Okay. So, let's take other forms of art: Painting, or music composition, or anything else for that matter. We can say they have a scientific basis for a few reasons. Paints have a chemical composition, and the combination of the various chemicals produces new compounds which absorb or reflect light in such a way as to cause shifts in the frequency of light we can visibly see. By this we see different colours. The paints are then woven in various ways on a canvas, maybe in accordance with rules of perspective, again following very basic rules of science (geometry), to end up with a finalised product, a picture. In music we can take various pitches in combination to create chord structures, and using more than one chord we can produce flowing harmonic patterns with their own tension and release, all following a harmonic theory of music. These harmonies, and the tensions they create, will alter the mood of the listener. Regardless of their seemingly scientific basis, they are both artforms, not sciences. The picture or the harmony produce different results depending on the viewer/listener. The scientific elements which they contain do not have to be recognised at all by the artist in any scholastic manner, and neither do the rules have to be followed. They are not considered as sciences at all by the vast majority of people, and neither is magick for the same reason. It's an artform, and nothing more. The idea that magick is a science because it has a backbone of theory is a moot point too. The theories do not conclude verifiably objective results. In a true science anybody could use the same theory and generate the exact same results 100% of the time. This simply isn't the case with magick. The "theory" is all flawed for this very reason. It doesn't follow the scientific method. In fact, the theory of other artforms like music and painting is good. Those theories do follow the scientific method, and do hold true. The theories of magick do not. You could have 100 different people use a specific ritual, with a specific theory and a specific objective, and you'd end up with 100 different results. Whereas if you told a person to mix two different compounds in a specfic ratio, you'd always get the same results.
GML,
Quote: › the theoretical and the practical side combined is artistic science or scientific art, choose what you prefer.
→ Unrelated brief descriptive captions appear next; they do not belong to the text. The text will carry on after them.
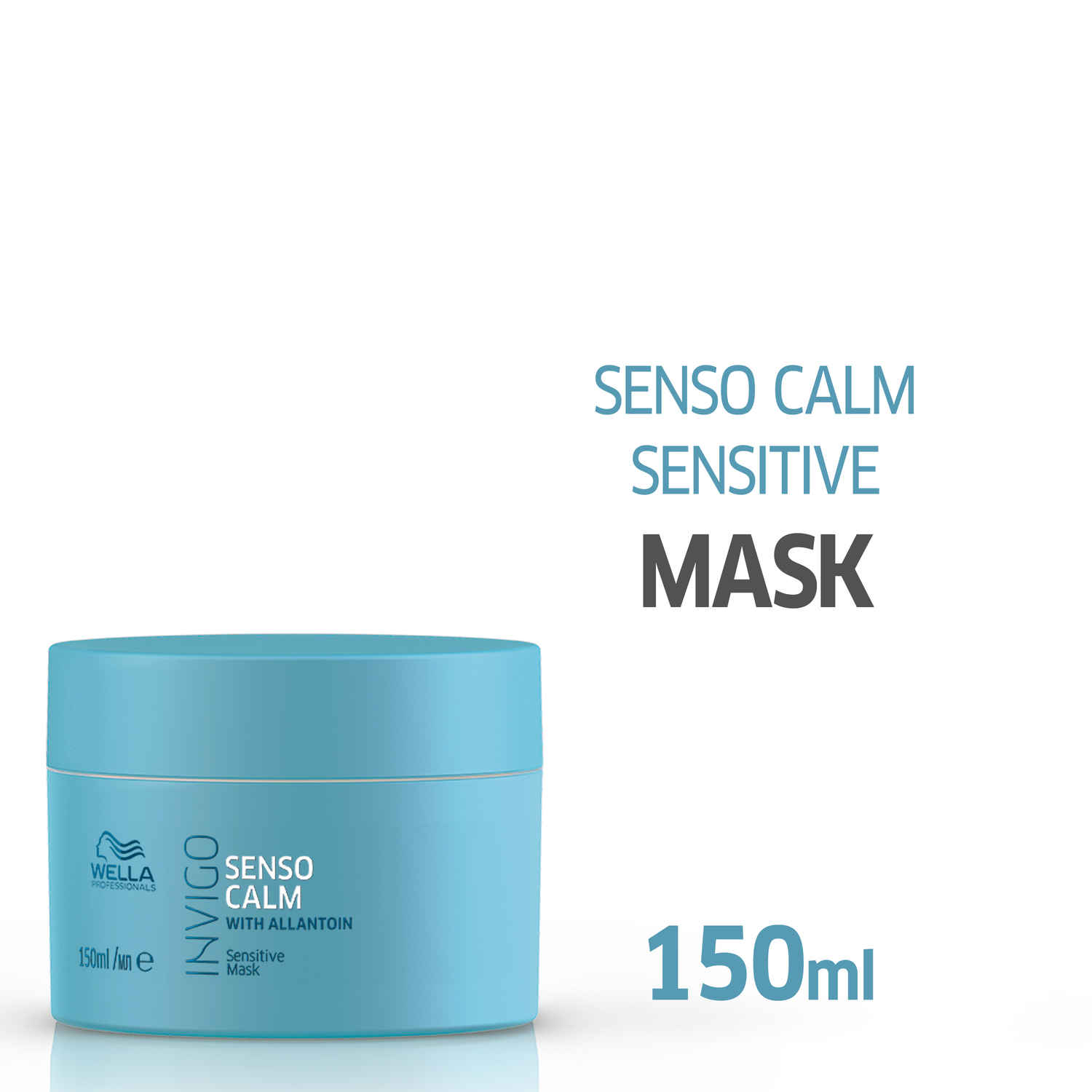 Buy Wella Professionals INVIGO Senso Calm Sensitive Mask (150 ml) - Purplle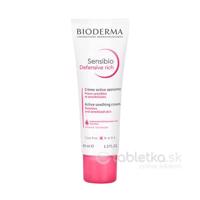 BIODERMA Sensibio Defensive Rich výživný upokojujúci krém 40ml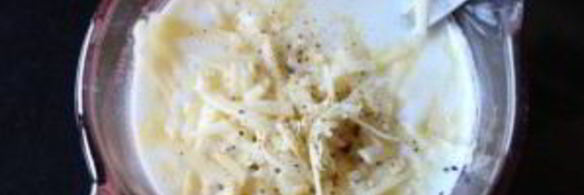 соус молочный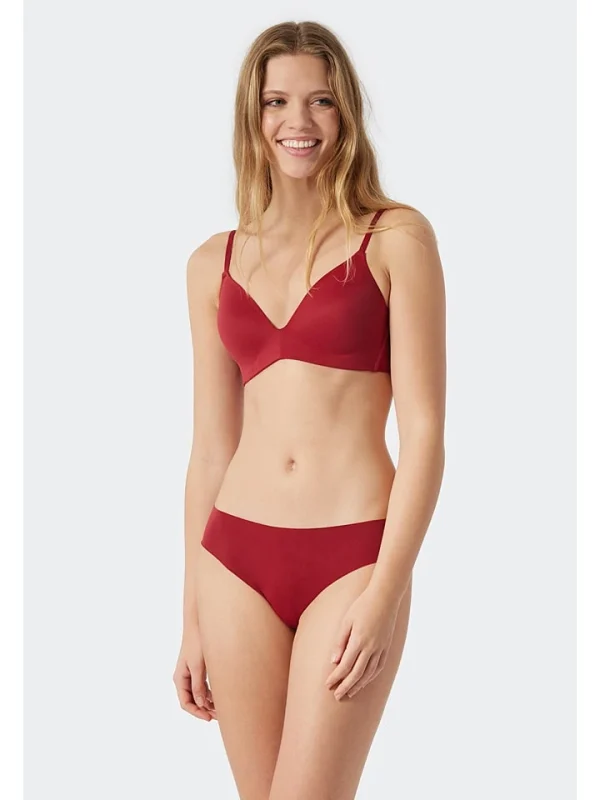 Schiesser Slip In Rot 4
And it depends on your definition of art, science, spiritual exercise etc.
I'd choose neither. It's either one or the other: Science or Art. I'm certain that magick has never been (within recent history, at least), and will never be, considered a science by any academic institute, nor is it considered a science by your every day average Joe. Maybe I'm appealing to authority here, but if magick is a science with a solid scientific basis, how come it isn't being used by NASA to expand our understanding of the universe. How come it isn't being used to produce new technologies? How come it's only niche occult groups who attempt to convince people that their spirituality and belief structure has a scientific basis?
Crowley's "Magick is the Science and Art of causing Change to occur in conformity with Will," "The Method of Science, the Aim of Religion," etc., are all literary devices in my opinion. Where is the science behind it? You said it depends on your own definition of science and art. What do you mean?
Hopefully I'm not coming across as aggressive and/or bigoted, I just don't agree with Crowley/Fortune on this issue at all. I wont try to defend Crowley's opinions here, because I think he was dead wrong. Using the word science in combination with the word magick just seems silly to me. The two are about as far apart as you could get. I suppose it looks good on paper, and can be a tool to justify such a spiritual system's use in the modern world, but I completely fail to see the scietific connection. By it's very nature it is metaphysics!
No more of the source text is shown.